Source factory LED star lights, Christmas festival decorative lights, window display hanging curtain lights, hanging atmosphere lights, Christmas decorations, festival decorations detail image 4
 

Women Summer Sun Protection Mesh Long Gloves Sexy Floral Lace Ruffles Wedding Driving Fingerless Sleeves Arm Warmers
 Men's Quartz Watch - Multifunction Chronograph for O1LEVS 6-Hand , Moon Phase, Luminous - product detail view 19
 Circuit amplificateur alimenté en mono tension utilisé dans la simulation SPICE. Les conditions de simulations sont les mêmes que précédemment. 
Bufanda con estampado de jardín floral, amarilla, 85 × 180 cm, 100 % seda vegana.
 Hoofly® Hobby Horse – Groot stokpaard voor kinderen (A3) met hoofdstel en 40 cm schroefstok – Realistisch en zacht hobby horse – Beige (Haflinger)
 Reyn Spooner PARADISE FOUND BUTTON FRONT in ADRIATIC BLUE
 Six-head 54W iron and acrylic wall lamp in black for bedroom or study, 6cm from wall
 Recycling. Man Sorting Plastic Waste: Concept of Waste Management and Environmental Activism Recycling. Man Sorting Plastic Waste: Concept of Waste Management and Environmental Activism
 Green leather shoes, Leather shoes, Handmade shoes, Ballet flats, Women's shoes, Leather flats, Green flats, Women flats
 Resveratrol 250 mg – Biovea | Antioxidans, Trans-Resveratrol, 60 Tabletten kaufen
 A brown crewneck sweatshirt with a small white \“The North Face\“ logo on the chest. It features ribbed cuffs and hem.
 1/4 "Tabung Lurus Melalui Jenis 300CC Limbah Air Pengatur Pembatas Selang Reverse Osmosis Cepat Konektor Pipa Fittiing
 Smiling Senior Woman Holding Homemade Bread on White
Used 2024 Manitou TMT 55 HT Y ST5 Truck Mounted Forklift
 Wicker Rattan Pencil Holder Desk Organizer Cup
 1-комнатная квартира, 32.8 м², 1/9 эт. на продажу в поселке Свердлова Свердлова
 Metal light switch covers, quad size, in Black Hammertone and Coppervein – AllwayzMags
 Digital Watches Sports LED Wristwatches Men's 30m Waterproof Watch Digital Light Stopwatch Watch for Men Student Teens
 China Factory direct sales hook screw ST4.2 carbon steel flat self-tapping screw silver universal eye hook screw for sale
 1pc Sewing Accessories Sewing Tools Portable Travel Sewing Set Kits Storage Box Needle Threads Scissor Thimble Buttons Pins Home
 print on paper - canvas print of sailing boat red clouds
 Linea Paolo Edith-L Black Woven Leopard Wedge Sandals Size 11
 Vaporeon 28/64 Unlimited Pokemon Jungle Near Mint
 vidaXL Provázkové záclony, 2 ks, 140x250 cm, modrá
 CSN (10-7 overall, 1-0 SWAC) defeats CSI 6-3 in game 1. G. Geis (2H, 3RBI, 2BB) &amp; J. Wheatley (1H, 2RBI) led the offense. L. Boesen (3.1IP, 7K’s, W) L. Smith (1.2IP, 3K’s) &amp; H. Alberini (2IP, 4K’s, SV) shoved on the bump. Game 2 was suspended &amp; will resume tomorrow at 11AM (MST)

» **Task**:
A verbatim transcription is needed of the lines above, starting at the line with "China Factory direct" and ending at the line with "1pc Sewing Accessories", both included, and of nothing else.

» **Reply**:
 China Factory direct sales hook screw ST4.2 carbon steel flat self-tapping screw silver universal eye hook screw for sale
 1pc Sewing Accessories Sewing Tools Portable Travel Sewing Set Kits Storage Box Needle Threads Scissor Thimble Buttons Pins Home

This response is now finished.